Honduran journalist murdered in Mexico, 7th in 2017

View of the front page of the Mexican newspaper El Mananero with news of Honduran cameraman Edwin Rivera’s murder in Acayucan, Veracruz State, Mexico on July 11. Edwin Rivera Paz, who was seeking refuge in Mexico after a colleague’s murder, was shot dead in Veracruz state on Sunday, officials informed. / AFP /

COATZACOALCOS, Mexico (AFP) – A Honduran journalist who sought asylum in Mexico after a colleague he collaborated with was murdered has been killed in the violent state of Veracruz, authorities and activists said.

Edwin Rivera Paz was followed by gunmen and shot dead in broad daylight Sunday in the eastern city of Acayucan, said local authorities and the media rights group Reporters Without Borders.

The TV news cameraman is the seventh journalist killed this year in Mexico, where more than 100 reporters have been murdered since 2000.

The situation is almost as dangerous in his native Honduras, where 69 journalists have been killed since 2003 — most recently Rivera’s boss, Igor Padilla.

Padilla, a journalist for news channel HCH in the Honduran capital, was killed in a drive-by shooting in January as he filmed a commercial.

That prompted Rivera, who was his close collaborator, to flee to Mexico. He had just been granted refugee status before he was killed, according to Reporters Without Borders.

He had been working on a documentary about the problems facing migrants and refugees, said fellow asylum-seekers from Central America.

Honduras called on Mexico to bring Rivera’s killers to justice.

“We are asking the state prosecutor to investigate.
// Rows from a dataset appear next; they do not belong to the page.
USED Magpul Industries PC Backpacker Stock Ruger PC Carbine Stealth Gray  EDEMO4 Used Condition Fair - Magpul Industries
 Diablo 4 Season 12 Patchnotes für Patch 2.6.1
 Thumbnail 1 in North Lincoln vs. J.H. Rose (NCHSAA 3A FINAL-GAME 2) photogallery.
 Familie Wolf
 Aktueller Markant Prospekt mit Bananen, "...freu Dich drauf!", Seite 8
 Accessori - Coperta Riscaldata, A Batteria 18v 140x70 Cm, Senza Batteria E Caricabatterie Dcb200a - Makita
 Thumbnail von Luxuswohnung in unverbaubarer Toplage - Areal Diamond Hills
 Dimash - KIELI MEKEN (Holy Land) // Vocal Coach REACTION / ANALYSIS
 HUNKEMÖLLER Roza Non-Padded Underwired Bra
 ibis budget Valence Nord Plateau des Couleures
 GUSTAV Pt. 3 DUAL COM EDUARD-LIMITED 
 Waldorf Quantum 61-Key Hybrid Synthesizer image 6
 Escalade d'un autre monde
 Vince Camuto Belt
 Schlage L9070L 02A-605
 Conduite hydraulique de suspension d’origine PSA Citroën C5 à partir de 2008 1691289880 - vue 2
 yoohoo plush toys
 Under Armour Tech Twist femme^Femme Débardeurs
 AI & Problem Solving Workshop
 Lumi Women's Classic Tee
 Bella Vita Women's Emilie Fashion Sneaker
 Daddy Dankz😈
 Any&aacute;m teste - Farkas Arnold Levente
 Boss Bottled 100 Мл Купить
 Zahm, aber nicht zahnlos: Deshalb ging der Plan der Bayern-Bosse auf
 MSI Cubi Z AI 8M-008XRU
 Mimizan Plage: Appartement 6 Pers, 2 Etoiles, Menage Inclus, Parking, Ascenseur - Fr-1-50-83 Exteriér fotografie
Do not let this crime go unpunished,” the Honduran consul in Mexico, Raul Otoniel Morazan, told AFP.

Reporters Without Borders urged both countries to investigate.

“Do not let this hateful crime go unpunished like so many others,” the watchdog group’s Latin America director, Emmanuel Colombie, said Tuesday in a statement.

Mexico is the third deadliest country for journalists in the world, after the war zones of Syria and Afghanistan, according to the organization.

More than 90 percent of journalists’ killings remain unpunished (Agence France-Presse).